# Work to complete
Exactly reproduce the lines from the one holding "Iphone 16 Series" through the final line of the listing below, with both ends included and nothing else.

*** Data extract Section Begins ***

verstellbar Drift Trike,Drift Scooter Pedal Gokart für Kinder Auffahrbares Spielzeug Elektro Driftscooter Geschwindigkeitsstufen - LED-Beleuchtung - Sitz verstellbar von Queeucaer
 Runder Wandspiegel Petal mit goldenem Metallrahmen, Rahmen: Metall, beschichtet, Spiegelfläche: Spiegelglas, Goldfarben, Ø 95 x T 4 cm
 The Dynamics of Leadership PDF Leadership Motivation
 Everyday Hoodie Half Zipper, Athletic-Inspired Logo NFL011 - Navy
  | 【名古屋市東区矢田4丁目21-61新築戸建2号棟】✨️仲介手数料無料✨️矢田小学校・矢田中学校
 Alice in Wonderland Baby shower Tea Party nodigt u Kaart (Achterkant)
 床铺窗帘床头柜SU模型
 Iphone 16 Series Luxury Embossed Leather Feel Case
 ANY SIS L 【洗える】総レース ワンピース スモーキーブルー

*** Data extract Section Ends ***

# Written answer
 Iphone 16 Series Luxury Embossed Leather Feel Case
 ANY SIS L 【洗える】総レース ワンピース スモーキーブルー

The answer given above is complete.